Выбрать главу

— Когда я был маленьким, вы с невесткой жили слипшись?

— Пожалуй, так. Я думал, ты ничего не понимаешь…

— Сельчане отлавливали партизан и отрубали им головы, а потом выставляли эти головы для просушки на камни вдоль берега ручья?

— Возможно… Безумные были времена, партизаны и сами насаживали головы противников на бамбуковые копья.

— Партизан подвешивали на дерево жожоба перед полицейским участком и забивали до смерти?

— Ну, били их, если отлавливали, как собак — это точно.

Я, одно за другим, возвращал себе воспоминания, от которых отказался, но тут с улицы донесся шум, и ворвались вы, с оружием. Кто-то из домашних подсмотрел за нами и донес в полицейский участок. Но, я клянусь вам, тот всаженный в пол острый нож был лишь инструментом возвращения утраченного, а не орудием убийства, как вы опасаетесь.

Я сказал бы, что вы пришли слишком рано. Вы должны были, по крайней мере, подождать, пока я не закончу дела с братом. А еще лучше, дать мне один или два дня на то, чтобы найти либо перышко отца на семейном участке, откуда он улетел журавлем, либо его ссохшуюся до размеров кулака голову среди камней на берегу ручья. А еще я собирался отыскать того лейтенанта сил обороны и проверить, остались ли на его постаревшем члене следы от укусов оводов, а потом разузнать, куда подевались прокаженные, которые раньше постоянно прятались в зарослях ячменя и земляники.

Я хотел так же, как и вы, чувствовать доверие и любовь к тому, что сам видел и знаю. На этой почве я хотел взрастить доверие и любовь к миру и к людям, привести в порядок жизнь и мечты. Но вы пришли слишком рано, все, что я хотел вернуть, так и осталось вспышками воспоминаний. Печальными или тревожными, бесполезными вспышками.

ОСТРОВ АНОНИМНОСТИ

Перевод Инны Цой

— Тц-тц-тц! — осуждающе поцокал языком муж.

Был поздний вечер, он уже поужинал и смотрел телевизор. Как обычно, показывали полицейский участок: в помещении, скрючившись, сидели мужчины и женщины, камеры снимали их с разных ракурсов, а они закрывали лица руками и воротниками. Можно было подумать, что их привезли из казино, но на деле они оказались посетителями подпольного ночного клуба. День был в самом разгаре, а они танцевали в полутемном зале, откуда их и забрали в участок. Только диктор говорила не «танцевали», а «прижимались друг к другу», подчеркивая, насколько безнравственным было их поведение.

— А все потому, что нашему поколению стало слишком легко скрываться под маской анонимности.

Муж скорбно смотрел на экран. Эти речи я слышала много раз и знала, что он сейчас скажет. Проедешь в городе хотя бы одну остановку на автобусе, попадешь в соседний район и уже не встретишь знакомых. Легко можно спрятаться, превратиться в анонима, вот это и лишило людей страха.

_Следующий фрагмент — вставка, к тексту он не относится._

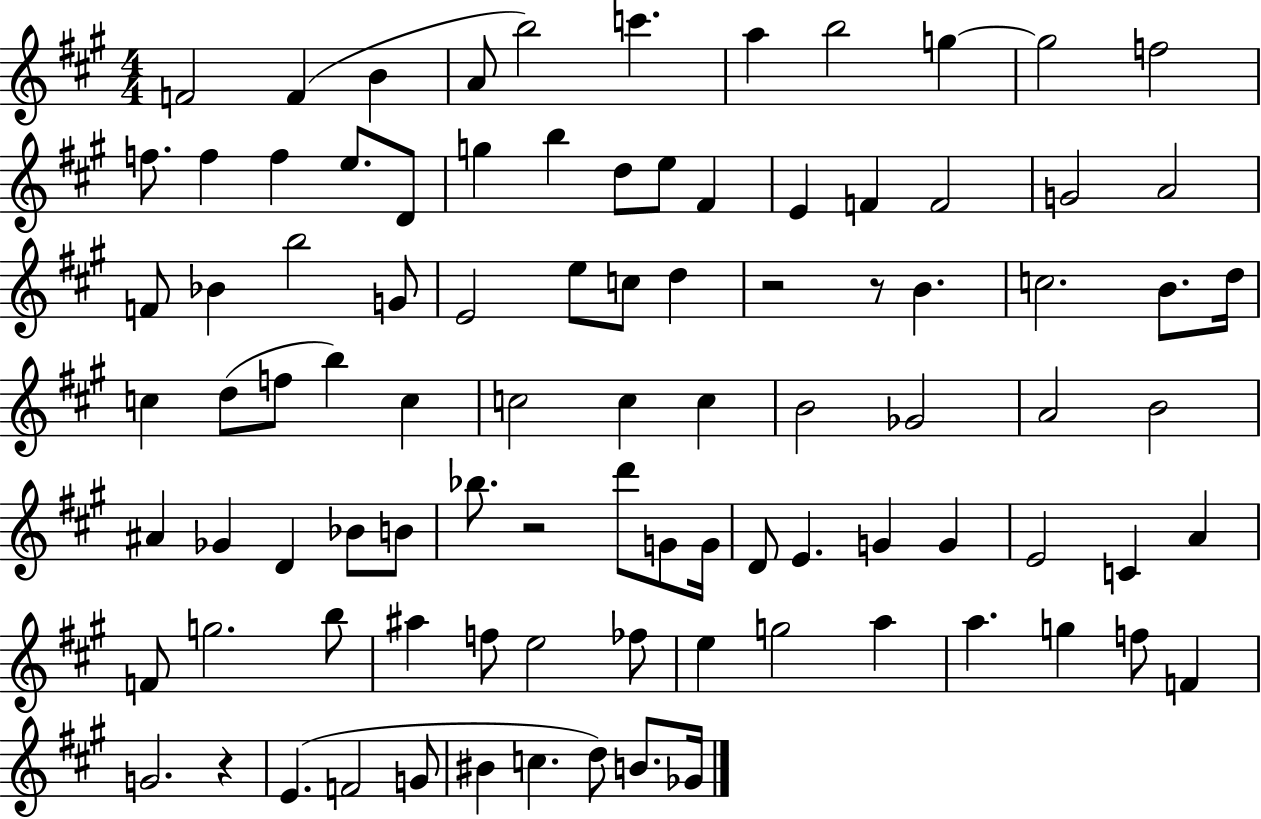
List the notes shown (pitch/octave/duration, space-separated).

F4/h F4/q B4/q A4/e B5/h C6/q. A5/q B5/h G5/q G5/h F5/h F5/e. F5/q F5/q E5/e. D4/e G5/q B5/q D5/e E5/e F#4/q E4/q F4/q F4/h G4/h A4/h F4/e Bb4/q B5/h G4/e E4/h E5/e C5/e D5/q R/h R/e B4/q. C5/h. B4/e. D5/s C5/q D5/e F5/e B5/q C5/q C5/h C5/q C5/q B4/h Gb4/h A4/h B4/h A#4/q Gb4/q D4/q Bb4/e B4/e Bb5/e. R/h D6/e G4/e G4/s D4/e E4/q. G4/q G4/q E4/h C4/q A4/q F4/e G5/h. B5/e A#5/q F5/e E5/h FES5/e E5/q G5/h A5/q A5/q. G5/q F5/e F4/q G4/h. R/q E4/q. F4/h G4/e BIS4/q C5/q. D5/e B4/e. Gb4/s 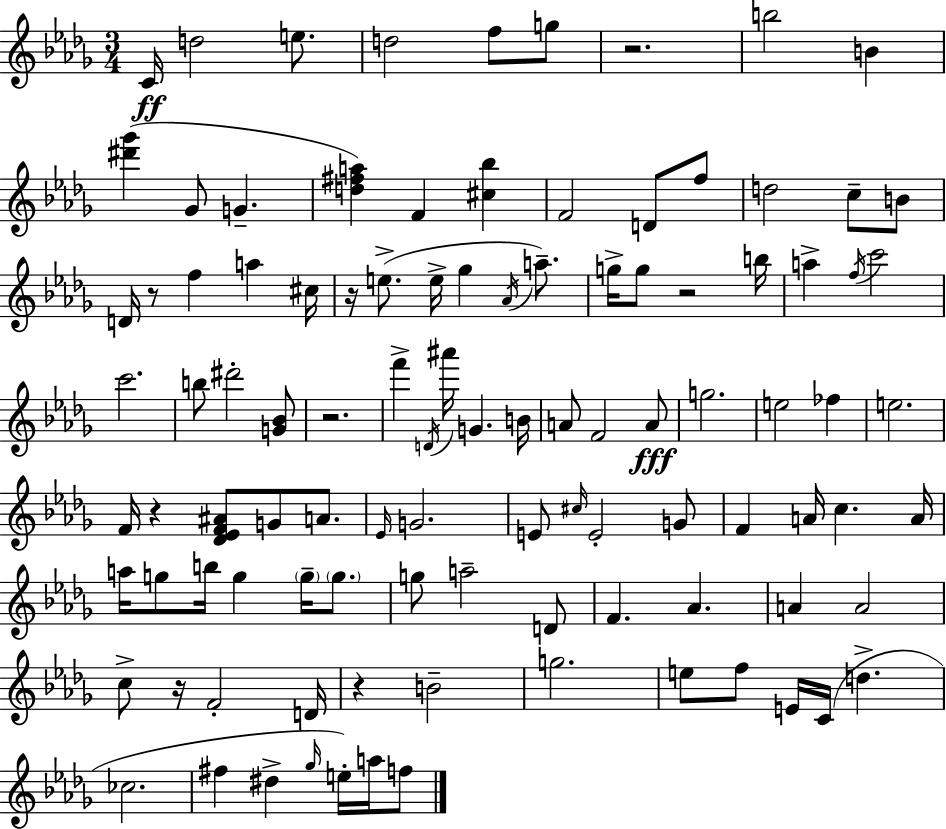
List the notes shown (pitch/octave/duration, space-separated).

C4/s D5/h E5/e. D5/h F5/e G5/e R/h. B5/h B4/q [D#6,Gb6]/q Gb4/e G4/q. [D5,F#5,A5]/q F4/q [C#5,Bb5]/q F4/h D4/e F5/e D5/h C5/e B4/e D4/s R/e F5/q A5/q C#5/s R/s E5/e. E5/s Gb5/q Ab4/s A5/e. G5/s G5/e R/h B5/s A5/q F5/s C6/h C6/h. B5/e D#6/h [G4,Bb4]/e R/h. F6/q D4/s A#6/s G4/q. B4/s A4/e F4/h A4/e G5/h. E5/h FES5/q E5/h. F4/s R/q [Db4,Eb4,F4,A#4]/e G4/e A4/e. Eb4/s G4/h. E4/e C#5/s E4/h G4/e F4/q A4/s C5/q. A4/s A5/s G5/e B5/s G5/q G5/s G5/e. G5/e A5/h D4/e F4/q. Ab4/q. A4/q A4/h C5/e R/s F4/h D4/s R/q B4/h G5/h. E5/e F5/e E4/s C4/s D5/q. CES5/h. F#5/q D#5/q Gb5/s E5/s A5/s F5/e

Наше поколение развращено, женщины становятся распущенными… С этого муж всегда начинал, а заканчивал тем, что тоскует по родной деревне, по родной общине, которой очень гордился.

— Все друг друга знали, насквозь видели. Хоть в близких отношениях, хоть нет — все связаны кровными узами, так что женщины, кроме совсем уж отчаянных, даже и думать не смели о том, чтобы нарушить заведенные порядки. Бывало, прикрывались поездками в уездные городишки, но рано или поздно правда выходила на свет…

Каждый раз, когда я слушала мужа, в памяти словно в протест на его слова всплывала одна давняя история. Да, я должна была чувствовать свою вину перед ним, испытывать стыд, но эта история, случившаяся десять лет назад, была — да и сейчас остается — лишь воспоминанием о минувших днях.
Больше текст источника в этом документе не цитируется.